On June 26 Venezuelan security forces detected liquid cocaine in four shipping containers carrying a chemical substance on a ship docked in the northwestern state of Zulia, along the Colombian border. The ship was bound for the port of Veracruz, Mexico.
Three people, including a Colombian national, were arrested in connection with the shipment. Interior and Justice Minister Tareck El Aissami described the seizure as “one of the largest operations we’ve ever had in the history of Venezuela [and a] blow to drug trafficking,” although he said the purity of the shipment had not yet been tested.
He also indicated law enforcement was conducting “other raids” in connection with the confiscated shipment.
InSight Crime Analysis
Drug traffickers are constantly evolving and inventing new ways of avoiding detection as they move their product across borders. One of the most popular methods of smuggling cocaine in recent years has been to camouflage it in liquid form (see picture).
According to Infosurhoy, powder cocaine is highly soluble, meaning half a kilogram can be completely dissolved in a liter of water, making it invisible to the naked eye. The dissolved cocaine is more difficult to detect using x-ray or ultrasound scanners. When it reaches its final destination, 90 percent of the product can then be retrieved and converted into its original state by filtering the mixture.
Due to the fact liquid cocaine can be easily concealed, traffickers have increasingly moved the drug in its liquid form. One Colombian official confirmed the trend to Infosurhoy, saying,“Trafficking methods are like fads: What is hot today is [smuggling] cocaine in a solution.”

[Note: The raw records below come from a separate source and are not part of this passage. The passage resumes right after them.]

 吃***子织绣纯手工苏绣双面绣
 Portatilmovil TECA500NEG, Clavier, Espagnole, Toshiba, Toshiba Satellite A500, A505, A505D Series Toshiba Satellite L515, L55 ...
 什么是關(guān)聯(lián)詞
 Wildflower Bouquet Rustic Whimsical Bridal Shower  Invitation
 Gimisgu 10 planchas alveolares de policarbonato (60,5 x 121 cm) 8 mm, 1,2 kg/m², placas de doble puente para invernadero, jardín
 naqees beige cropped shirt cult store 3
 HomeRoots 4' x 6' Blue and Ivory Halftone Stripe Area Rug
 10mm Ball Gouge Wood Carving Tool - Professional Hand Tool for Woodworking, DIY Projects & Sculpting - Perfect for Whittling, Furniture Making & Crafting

In April 2011, authorities uncovered a smuggling ring that moved cocaine hidden in lotions and shampoos between Peru and New Jersey. Then last July, the Panamanian navy seized more than three tons of liquid cocaine on a ship in the Atlantic Ocean. Last week, an El Salvadoran man was arrested crossing the Mexican border into the United States carrying 71 pounds of liquid cocaine, worth an estimated $710,000.